In short
1 Kings 18. God and Elijah win a contest against the wicked king Ahab and the prophets of a false god named Baal. The false prophets are thoroughly embarrassed and slaughtered.
Why it is important
It shows the mighty power of God. It is both an epic showdown and a hilarious defeat of a false god and its followers.
Main characters
- Elijah, THE most famous prophet in Israel’s history*
- King Ahab, one of the very most wicked kings in Israel’s history**
- Obadiah – not the prophet that wrote that book that you are thinking of; this is also a righteous man, but one who has the misfortune of working for King Ahab
- 450 prophets of Baal, a false god that King Ahab worships
Ahab thoroughly hates Elijah (18:17) and has a manhunt out for him (18:10)
What is in this story (1 Kings 18)
In the previous chapter, a drought (no rain) comes upon the land for years. Now it is time for the drought to end. But first…
- The LORD tells Elijah to go meet King Ahab (v. 1)
- First, Elijah runs into Obadiah, who is on a mission for the king (vs. 5-7)
- Elijah asks Obadiah to tell Ahab that Elijah popped back up on the grid (v. 8)
- Obadiah says, ARE YOU NUTS? Ahab will surely kill me! (vs. 9-14)
- Elijah promises that he will not weasel out (v. 15)
- Elijah tells Ahab, Meet me at Mount Carmel with the nation and all your false prophets (vs. 18-19)
- The rules: Each team gets a bull. Cut it up and lay it on firewood but don’t light a fire. We each call our god and whoever responds with fire, that’s the real God. Ahab’s team goes first. (vs. 23-25)
- The prophets of Baal do everything they can, and utterly fail, and Elijah mocks them (vs. 26-29)
- Elijah’s turn. He follows the rules and even has the Israelites pour tons of water over everything, with a trench to boot. Then he prays. (vs. 30-37)
- The LORD answers Elijah with fire that destroys EVERYTHING, even the water (v. 38)
- Many believe in God (v. 39)
- Elijah has his new friends round up the prophets of Baal, and Elijah kills them all (v. 40)
- And finally, it rains again (vs. 41-46)
Things that are not so well-known
- There are also 400 prophets of Asherah (another false god/idol) on Ahab’s side (v. 19), but they are only mentioned the one time. The story focuses on Baal (vs. 22, 25, 26, 40).
- I love Obadiah’s reasoning in verse 12 – I know how you are Elijah: the Spirit of God will whisk you away and then what – I’m left standing in front of Ahab with no Elijah.
- Where did the water come from for Elijah’s altar and trench?
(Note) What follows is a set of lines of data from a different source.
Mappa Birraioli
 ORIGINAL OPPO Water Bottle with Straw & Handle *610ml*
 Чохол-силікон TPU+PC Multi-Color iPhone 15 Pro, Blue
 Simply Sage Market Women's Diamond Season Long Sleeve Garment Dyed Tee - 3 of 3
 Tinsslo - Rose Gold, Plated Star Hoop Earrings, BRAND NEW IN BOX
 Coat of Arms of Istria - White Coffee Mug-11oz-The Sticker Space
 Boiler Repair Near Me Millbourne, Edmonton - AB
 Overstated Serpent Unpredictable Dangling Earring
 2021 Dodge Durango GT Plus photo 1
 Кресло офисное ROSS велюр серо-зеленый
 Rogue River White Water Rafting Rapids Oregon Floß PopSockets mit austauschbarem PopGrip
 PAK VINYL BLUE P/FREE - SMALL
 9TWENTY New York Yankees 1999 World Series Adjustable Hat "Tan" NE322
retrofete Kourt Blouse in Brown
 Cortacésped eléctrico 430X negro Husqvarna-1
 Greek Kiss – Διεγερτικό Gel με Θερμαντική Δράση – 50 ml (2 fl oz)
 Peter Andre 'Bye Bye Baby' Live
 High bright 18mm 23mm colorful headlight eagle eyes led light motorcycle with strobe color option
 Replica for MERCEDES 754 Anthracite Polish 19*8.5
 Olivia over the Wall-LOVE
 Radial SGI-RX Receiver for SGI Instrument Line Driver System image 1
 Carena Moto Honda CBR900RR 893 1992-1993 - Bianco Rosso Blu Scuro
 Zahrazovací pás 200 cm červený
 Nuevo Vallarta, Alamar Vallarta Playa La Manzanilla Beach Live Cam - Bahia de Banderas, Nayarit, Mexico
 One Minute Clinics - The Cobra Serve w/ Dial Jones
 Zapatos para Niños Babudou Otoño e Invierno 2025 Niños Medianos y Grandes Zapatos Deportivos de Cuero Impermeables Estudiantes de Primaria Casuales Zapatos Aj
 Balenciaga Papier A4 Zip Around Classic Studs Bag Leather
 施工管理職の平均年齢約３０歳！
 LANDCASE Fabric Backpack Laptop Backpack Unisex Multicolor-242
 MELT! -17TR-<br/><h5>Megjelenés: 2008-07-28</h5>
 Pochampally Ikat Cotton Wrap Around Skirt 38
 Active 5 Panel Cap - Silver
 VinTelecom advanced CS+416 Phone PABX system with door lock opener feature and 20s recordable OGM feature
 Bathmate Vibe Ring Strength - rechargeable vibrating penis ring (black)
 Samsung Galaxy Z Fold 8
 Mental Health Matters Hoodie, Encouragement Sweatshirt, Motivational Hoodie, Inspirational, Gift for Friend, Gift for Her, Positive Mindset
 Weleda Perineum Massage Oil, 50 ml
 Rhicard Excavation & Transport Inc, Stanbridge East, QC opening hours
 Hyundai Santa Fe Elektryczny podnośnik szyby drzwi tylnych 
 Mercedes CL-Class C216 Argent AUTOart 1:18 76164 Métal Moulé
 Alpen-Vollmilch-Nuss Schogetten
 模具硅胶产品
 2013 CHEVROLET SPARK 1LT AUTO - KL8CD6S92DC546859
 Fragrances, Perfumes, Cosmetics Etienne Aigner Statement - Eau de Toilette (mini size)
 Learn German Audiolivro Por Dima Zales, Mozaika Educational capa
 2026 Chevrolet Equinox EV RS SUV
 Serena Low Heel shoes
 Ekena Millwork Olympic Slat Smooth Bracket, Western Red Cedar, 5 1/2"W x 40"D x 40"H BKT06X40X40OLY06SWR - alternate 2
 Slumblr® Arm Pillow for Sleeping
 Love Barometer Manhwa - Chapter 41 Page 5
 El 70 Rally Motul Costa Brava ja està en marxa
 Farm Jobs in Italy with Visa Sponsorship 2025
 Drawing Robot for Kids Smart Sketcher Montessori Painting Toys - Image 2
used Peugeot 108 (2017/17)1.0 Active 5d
It was a drought, and they were on a mountain. Perhaps it was miraculous, like Meribah?
Theology and doctrine
Obadiah gets the Oskar Schindler award for saving 100 Jews from certain death (vs. 3-4, 13).
The strange thing about that is that it seems that this event where “Jezebel killed the prophets of the LORD” (v. 13) is not recorded anywhere else.
But their death and hiding in caves (v. 4) is hinted at in Heb 11:32, 37-38: “the prophets… were stoned, they were sawn in two, they were killed with the sword. …wandering about in deserts and mountains, and in dens and caves of the earth.”
Footnotes
* Elijah appears at the transfiguration (Matt 17:1-3), and I would say that cements him as the epitome of the prophets
** I want to say that Ahab is actually THE worst (1Ki 16:30), but I’d have to do a little more homework.